=== What to do ===
Although the listing contains pictures, reproduce only its text, exactly as written.

=== Given data ===
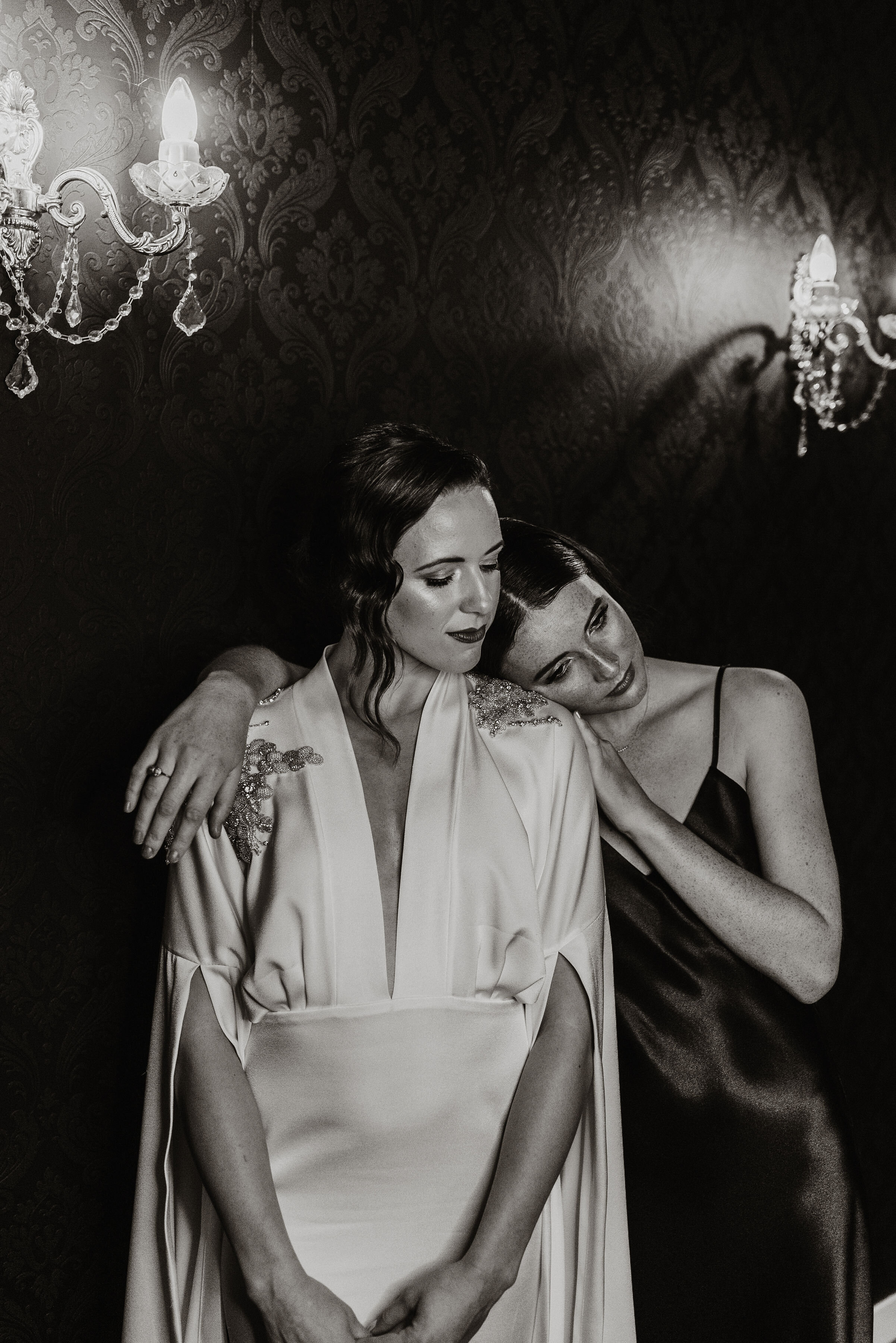 bridesmaid-with-bride-with-silk-wedding-dress.jpg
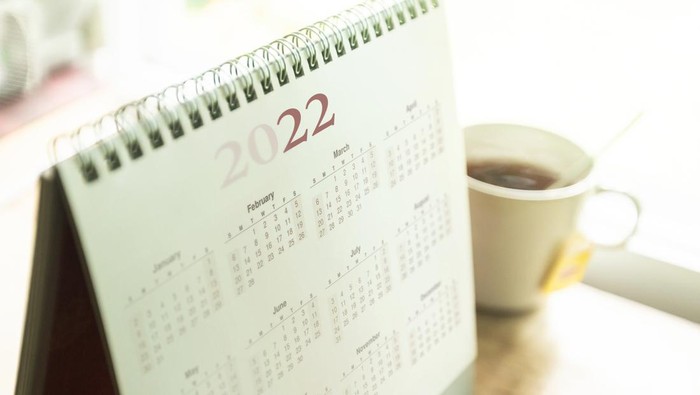 Paper desktop calendar 2022 schedule with tea cup on wooden desk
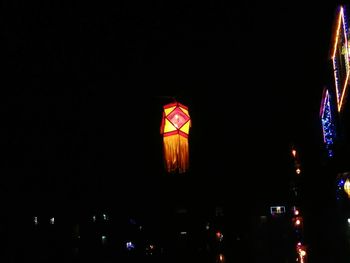 Low angle view of illuminated lights at night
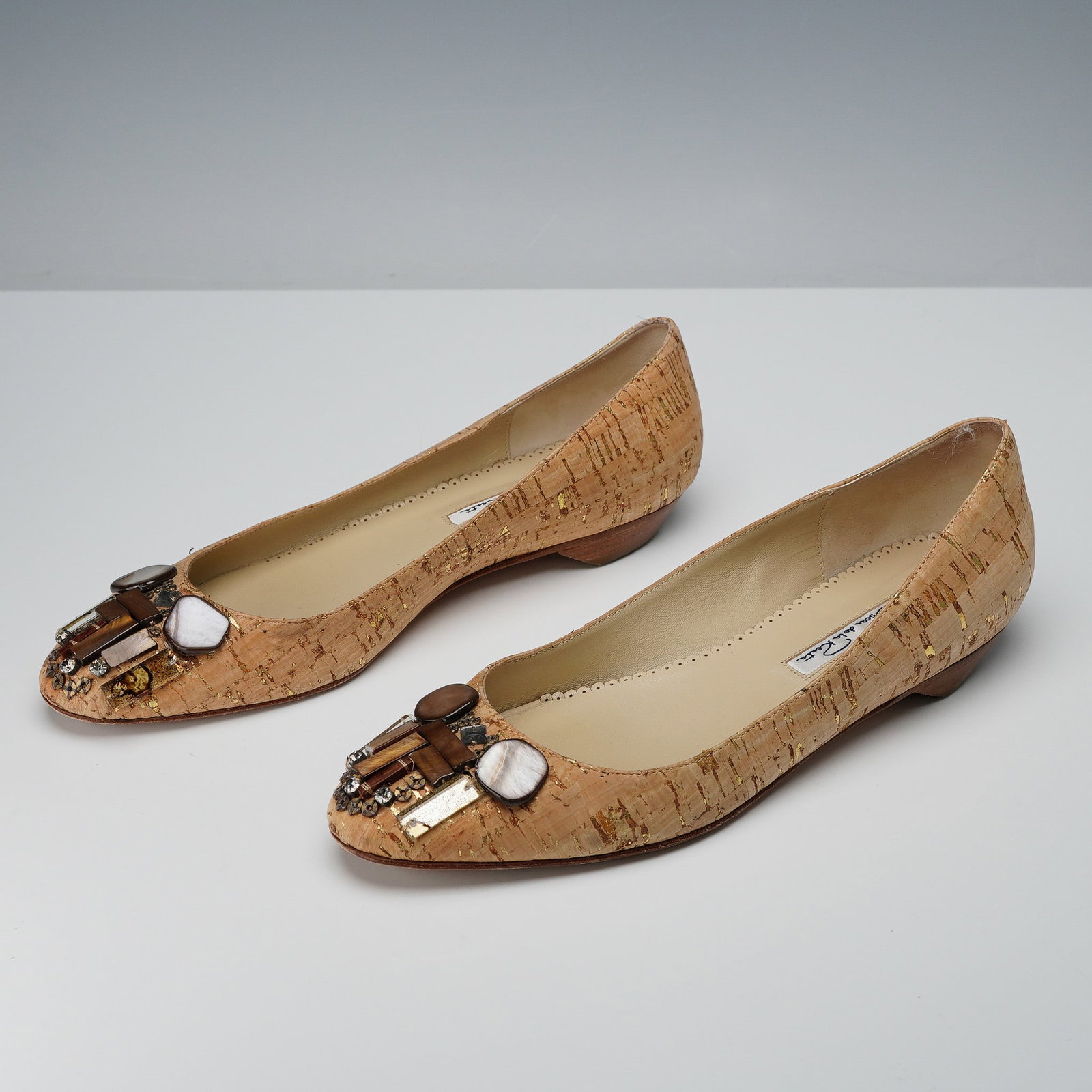 Oscar de la Renta Embellished Cork Flats with Jeweled Toe: This elegant pair of Oscar de la Renta flats features a distinctive cork upper accented with delicate gold flecks and an artfully embellished toe. The front of each shoe showcases a luxurious medley o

=== Exercise solution ===
 bridesmaid-with-bride-with-silk-wedding-dress.jpg
 Paper desktop calendar 2022 schedule with tea cup on wooden desk
 Low angle view of illuminated lights at night
 Oscar de la Renta Embellished Cork Flats with Jeweled Toe: This elegant pair of Oscar de la Renta flats features a distinctive cork upper accented with delicate gold flecks and an artfully embellished toe. The front of each shoe showcases a luxurious medley o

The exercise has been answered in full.